Still, it illustrated an important divide in the culture. While Carryminati and many other YouTubers mock TikTokers in India, the most glaring difference between the users of YouTube and TikTok is the class difference.
TikTok was a platform that required minimal effort in terms of set-up and equipment, allowing people from the most downtrodden areas to use it with few barriers. News analyst Neeraj Rao, belonging to India’s Hindi heartland, who runs the YouTube channel One Indian Voice, said talent isn’t dependent on a single platform, there just needs to be an alternative.
Tuli Bakshi, a postdoctoral researcher from India’s top tech school IIT Bombay and an alumna of IIT Kharagpur, echoed similar sentiment about the replacement for TikTok.
“TikTok was a livelihood and indeed was giving recognition to the working class and they have lost a livelihood and are currently struggling,” she said. While Bakshi appreciates that users were given ample time to save their work, she notes that in this era of technological advancement, an app can be replaced, provided there is an effort.

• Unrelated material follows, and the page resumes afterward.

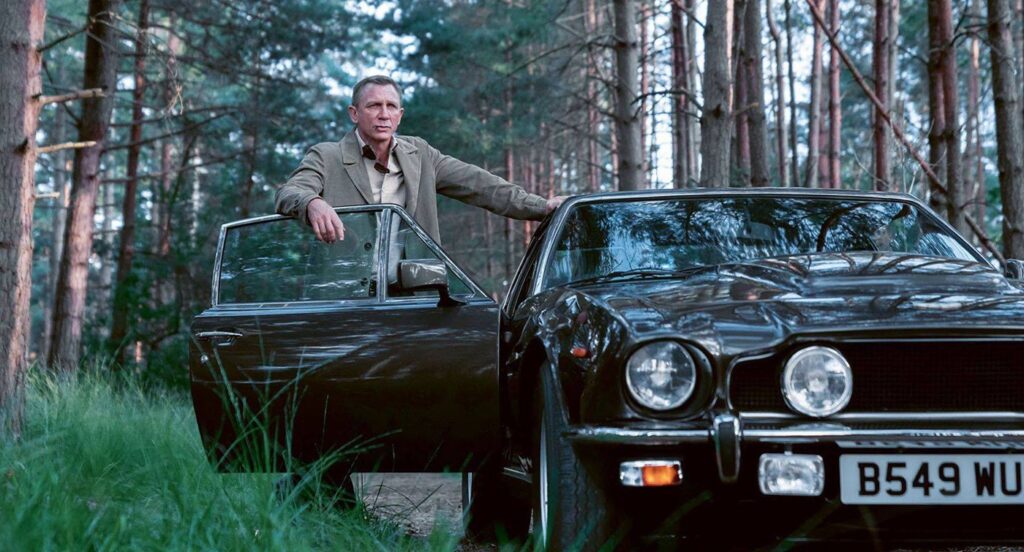 Hollywood cars - Daniel Craig as James Bond with the Aston Martin V8 Vantage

Building on the sentiment, Leher Sethi, social activist said that TikTok was like an online version of India’s Got Talent minus the judges for the poor/lower class. As Tuli Bakshi and Neeraj Rao agree that there will be some new app that could in future replace TikTok, Leher said that “replacement” should have been made available before TikTok was banned so people could have a smooth transition.

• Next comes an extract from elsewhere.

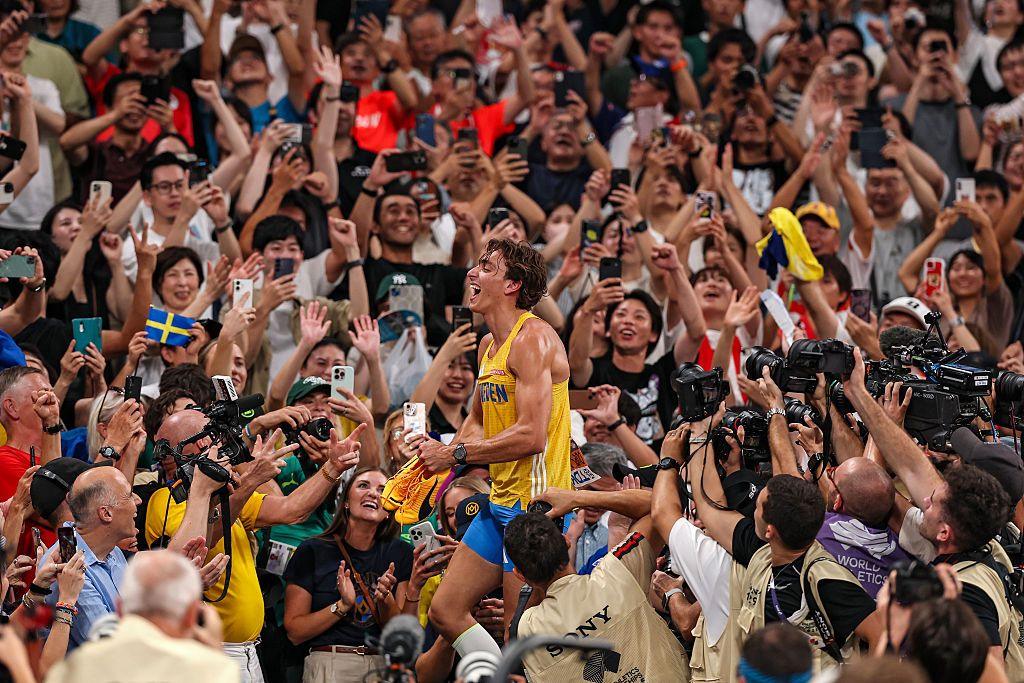 Armand Duplantis celebrates world gold by jumping into the stands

“That, I feel, would have been a much better way to have done it, instead of this knee jerk reaction,” she said.
Did the TikTok ban hinder or help people?
Regardless of the finesse of creativity, if there were some users from miserable backgrounds that could make a buck in a country that has such high unemployment rates, while entertaining people in hard times, wasn’t that worth it?
Former journalist and current news satirist Akash Banerjee with 1.4 million YouTube subscribers summed up the situation thusly:
“It’s been a month since we lost 20 of our brave in Galwan, latest reports suggest that the Chinese haven’t even moved back completely from the areas they said they would. Meanwhile, besides banning TikTok and a bunch of other Chinese apps, there seems to be no clear roadmap that the government has on how to deal with China.”
Akash suggests India has the option of pressing China over human rights abuses, assault on minority Uyghurs, and its crackdown on students in Hong Kong… but all of this would take a lot of external coordination and internal introspection, compared to TikTokers simply needing to find to find a new home.